Assignment: Say the number of lines in the records below that hold the word "featuring", and only that number.

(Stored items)
__________

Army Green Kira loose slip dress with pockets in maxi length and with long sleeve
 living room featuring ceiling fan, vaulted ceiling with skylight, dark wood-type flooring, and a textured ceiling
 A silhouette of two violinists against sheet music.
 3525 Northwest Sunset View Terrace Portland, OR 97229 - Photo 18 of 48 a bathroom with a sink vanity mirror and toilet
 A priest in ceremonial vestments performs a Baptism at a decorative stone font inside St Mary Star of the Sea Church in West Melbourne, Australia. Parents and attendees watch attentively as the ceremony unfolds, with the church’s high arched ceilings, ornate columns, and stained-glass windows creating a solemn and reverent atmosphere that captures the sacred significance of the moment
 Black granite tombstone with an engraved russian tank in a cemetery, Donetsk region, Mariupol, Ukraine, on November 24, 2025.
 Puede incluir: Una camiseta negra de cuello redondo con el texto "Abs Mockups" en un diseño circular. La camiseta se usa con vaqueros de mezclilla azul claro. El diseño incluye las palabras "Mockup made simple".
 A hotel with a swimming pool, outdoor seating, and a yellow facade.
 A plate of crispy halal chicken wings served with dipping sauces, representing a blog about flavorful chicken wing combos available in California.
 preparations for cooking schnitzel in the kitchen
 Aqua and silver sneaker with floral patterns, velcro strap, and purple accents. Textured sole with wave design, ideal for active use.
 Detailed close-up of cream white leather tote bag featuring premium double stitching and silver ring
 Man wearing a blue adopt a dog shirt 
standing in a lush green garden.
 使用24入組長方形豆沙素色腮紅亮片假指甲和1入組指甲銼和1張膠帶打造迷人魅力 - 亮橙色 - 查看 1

__________

Result for this exercise: 2